The University of North Carolina has rejected a $5.3 million proposal to build a new home for “Silent Sam,” the statue of a Confederate soldier that was toppled from its pedestal in August by protesters at the flagship campus in Chapel Hill.
The university system’s board of governors on Friday cited concerns about public safety and the use of state funds for the project. The governors voted instead to form a committee to work with Chancellor Carol Folt and the Chapel Hill board of trustees to come up with a new plan.
The board of trustees last week recommended a new “history and education center” to house the statue and other exhibits from the university’s history. The center would have cost $5.3 million to build and $800,000 per year to run.
That plan prompted protests last week. Students, faculty and civil rights groups say Silent Sam, which stood on the Chapel Hill campus for more than a century, glorifies racism, slavery and white supremacy.
The governors directed the board of trustees to review other relocation options and submit a new recommendation by March 15.
Folt told reporters Friday afternoon that the university will explore all options for moving the statue off campus.
Moving the statue off campus is the safest and most preferred option, she said, but state law currently prohibits moving such memorials out of their jurisdictions.
Folt said officials will discuss using private funds to reinstall the monument elsewhere.
“Clearly it won’t be easy,” she said. “But we will continue to work as hard as we can to find the best solution so that our community and our state can thrive.”

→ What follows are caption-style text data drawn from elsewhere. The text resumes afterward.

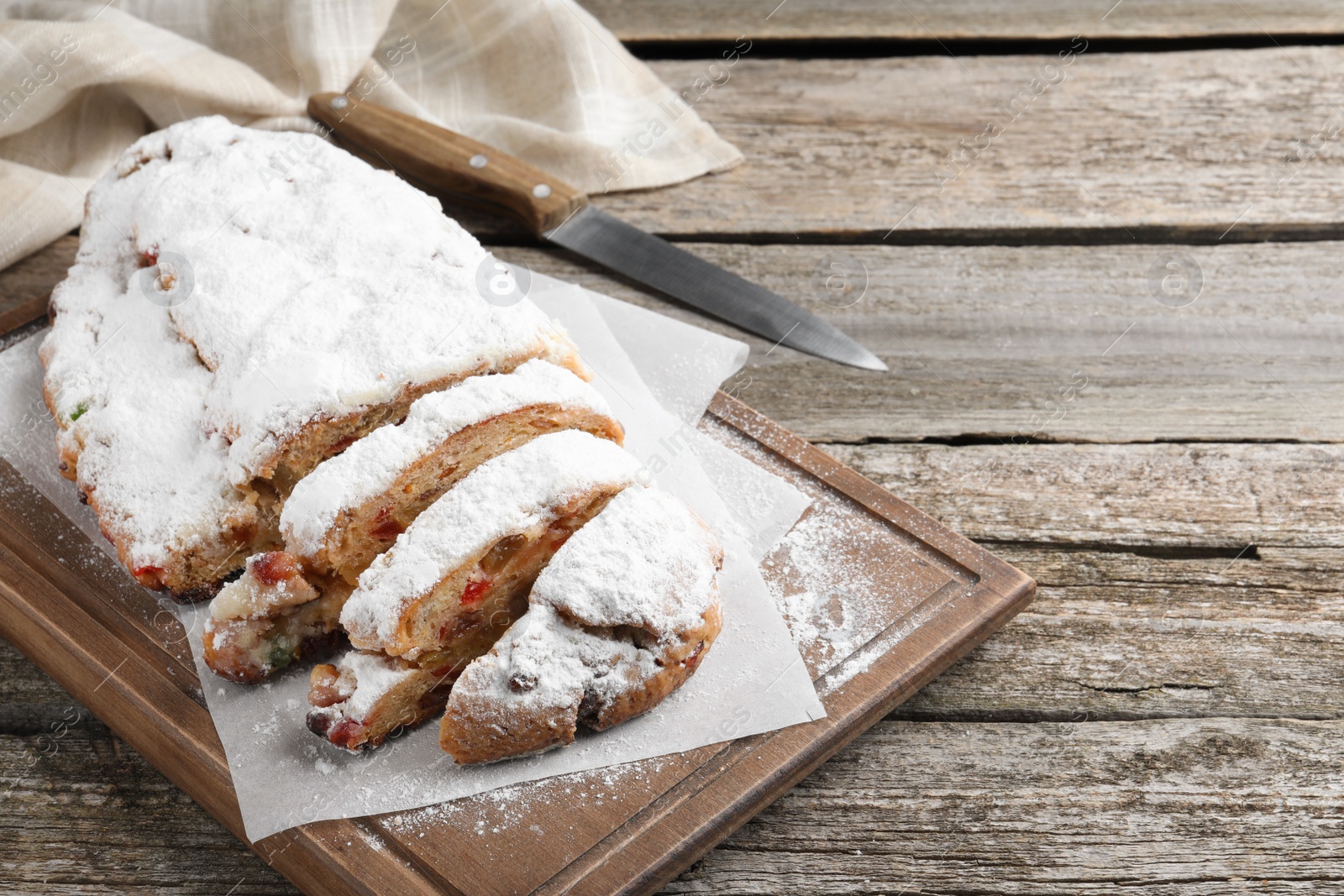 Photo of Traditional Christmas Stollen with icing sugar on wooden table, space for text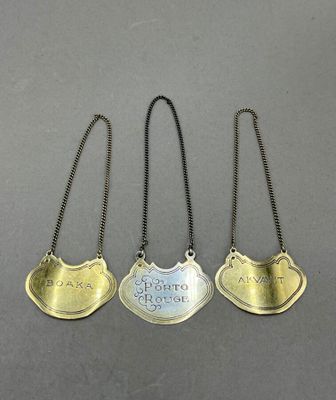 three silver and gold plated necklaces with the names of three people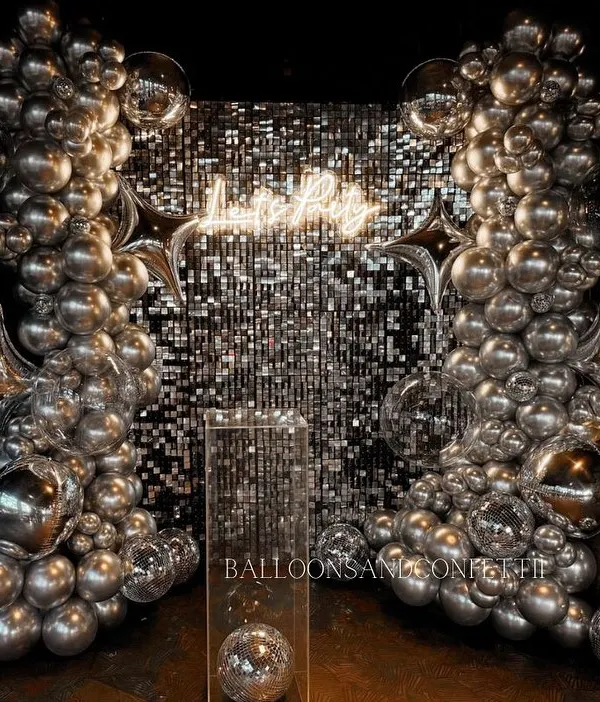 This is the definition of a party backdrop. A silver sequin wall, chrome balloon garlands, star-shaped foil balloons, and disco balls come together for a high-energy, disco-glam vibe.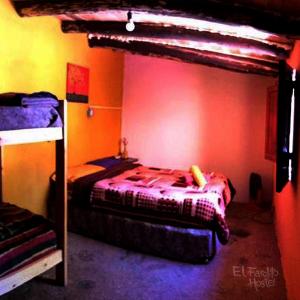 1 dormitorio con 2 literas y pared roja en El Farolito Hostel en Tilcara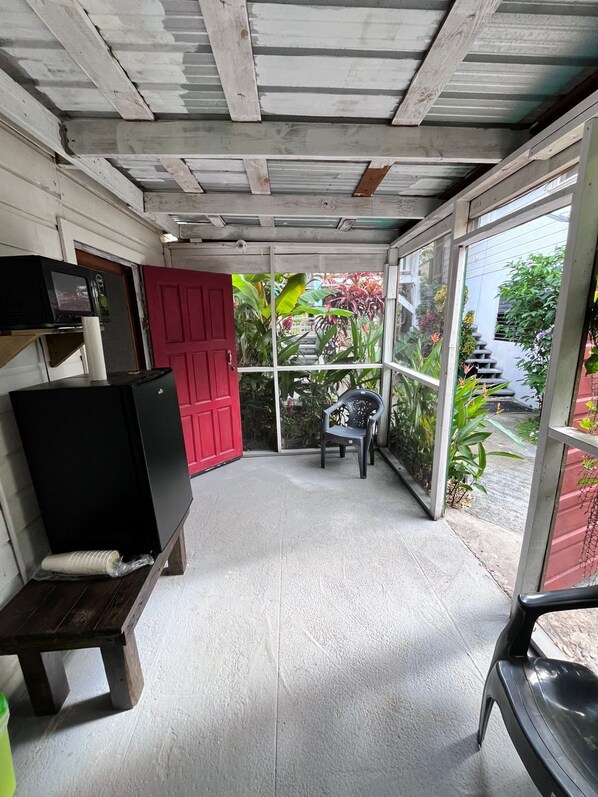 A covered patio area with a red door, a black TV stand, and a plastic chair. - Garden Lodge Hotel (Placencia)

The statue was erected by the North Carolina Division of the United Daughters of the Confederacy in 1913, a time when Confederate memorials proliferated throughout the South. It was dedicated to “the sons of the university who entered the war of 1861-65 in answer to the call of their country.”
In recent decades, it has been the scene of protests and the target of violence.
Opposition to Confederate memorials, symbols and flags was reignited in 2015 by the murders of nine black church members in Charleston, South Carolina, by a white supremacist who had posed on social media with a Confederate battle flag.
Communities from New Orleans to New York have grappled since then with what to do with their memorials to the Confederacy. The deadly 2017 white supremacist rally in Charlottesville, Virginia – home of that state’s flagship university campus – was ostensibly sparked by a proposal to remove a statue of Robert E. Lee from a public park.